South L.A. Swap Meet Ordered to Close : Commerce: The city says that it has operated for years in violation of building and safety codes. Angry vendors condemn the decision and vow to fight to stay in business.


After a boisterous, often contentious public hearing attended by hundreds of people, the city’s Building and Safety Commission on Tuesday ordered the El Faro swap meet in South-Central Los Angeles closed, concluding that it has operated for years in violation of building and safety codes.

About 150 swap meet supporters, wearing white visors festooned with signs that read “Keep Our Jobs,” booed--and then condemned--the decision as one that will put hundreds of families in the heart of the riot-scarred inner city out of work.

“The problem is we’ve got more than 300 people looking at being unemployed in the riot area for no other reason than a sheer technicality,” said swap meet attorney Arthur K. Snyder, a former Los Angeles city councilman. “It is a triumph of bureaucracy over common sense.”


Snyder presented the commissioners with petitions signed by 5,000 South-Central residents who he said support the business.

Much of the swap meet’s opposition came from vendors at the rival Alameda Swap Meet, which is adjacent to El Faro at Alameda and Vernon avenues.

The Alameda crowd--about 150 strong and wearing red shirts--whooped and cheered when vendor Daniel Golita told the commissioners: “Since El Faro opened their doors, our sales have gone down and crime has gone up. . . . That is why I’m sincerely asking you to deny this request.”

The El Faro swap meet opened about three years ago but never obtained the proper building and use permits.


Nevertheless, the owners petitioned the commission to allow about 170 vendors to continue doing business while attempts were made to comply with building and safety codes and obtain the necessary permits.

Owner Jerry Schwarzblatt said hundreds of thousands of dollars had already been spent to install a new sprinkler system, redesign exits and obtain additional parking spaces.
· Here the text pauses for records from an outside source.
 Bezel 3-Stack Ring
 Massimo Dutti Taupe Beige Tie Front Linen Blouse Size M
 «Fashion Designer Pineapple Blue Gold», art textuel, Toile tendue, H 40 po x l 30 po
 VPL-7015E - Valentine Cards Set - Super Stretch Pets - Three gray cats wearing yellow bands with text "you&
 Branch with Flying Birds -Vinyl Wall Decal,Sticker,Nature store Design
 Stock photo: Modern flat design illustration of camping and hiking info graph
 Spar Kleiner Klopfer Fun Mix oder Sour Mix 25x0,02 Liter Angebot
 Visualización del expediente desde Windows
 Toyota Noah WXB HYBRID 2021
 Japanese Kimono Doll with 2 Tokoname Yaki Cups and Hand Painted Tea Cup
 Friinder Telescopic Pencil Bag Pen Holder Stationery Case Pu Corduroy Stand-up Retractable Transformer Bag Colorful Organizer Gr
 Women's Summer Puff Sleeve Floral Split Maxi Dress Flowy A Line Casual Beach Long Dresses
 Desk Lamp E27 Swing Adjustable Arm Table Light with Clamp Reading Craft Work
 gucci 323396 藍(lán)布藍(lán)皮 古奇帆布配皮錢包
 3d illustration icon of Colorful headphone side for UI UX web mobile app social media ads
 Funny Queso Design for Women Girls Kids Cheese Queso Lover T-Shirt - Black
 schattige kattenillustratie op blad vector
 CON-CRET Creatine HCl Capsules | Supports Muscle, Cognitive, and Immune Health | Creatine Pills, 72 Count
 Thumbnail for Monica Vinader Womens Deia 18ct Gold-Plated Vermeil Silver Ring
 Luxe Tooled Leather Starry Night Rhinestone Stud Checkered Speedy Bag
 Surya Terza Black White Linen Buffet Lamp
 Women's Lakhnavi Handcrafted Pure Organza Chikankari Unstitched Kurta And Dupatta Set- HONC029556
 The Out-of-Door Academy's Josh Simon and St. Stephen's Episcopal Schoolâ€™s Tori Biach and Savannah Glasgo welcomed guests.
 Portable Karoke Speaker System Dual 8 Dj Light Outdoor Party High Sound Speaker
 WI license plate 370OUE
Schwarzblatt argued that none of the remaining code violations were life threatening.


But opponents argued that continued operation of the swap meet would further burden a community already reeling from overcrowding and high crime.

“Ever since that swap meet opened, there has been more crime and sanitation problems, and we have had to lock our yards,” homeowner Victor Ortiz told the commissioners. “On weekends my brothers and sisters can’t even visit because there is no parking. I’m very angry that the city has done nothing about this.”

Steve Freed, an attorney for the nearby Alameda Industrial Center, accused El Faro’s owners of trying to avoid a hearing for a conditional use permit, which the swap meet was twice denied in the past.

Since then, Freed noted, swap meets have become controversial, with many inner-city residents complaining that they sell shoddy goods and are a cause of urban blight. After the riots, the City Council imposed stringent new permit requirements on new swap meets and those seeking to reopen.

Building and Safety Department officials said they would now seek a court injunction to close El Faro down, a process that could take several weeks. But angry El Faro vendors said they would continue to fight.

“I doubt if we would be able to find anywhere else to go with comparable rents, especially in this economic climate” said Sylvia Mendoza, who sells baby clothing from two booths in El Faro.

“We pay taxes like everyone else, we employ kids from the area and keep them off the streets,” she said. “Why don’t they just let us work? We can help the city.”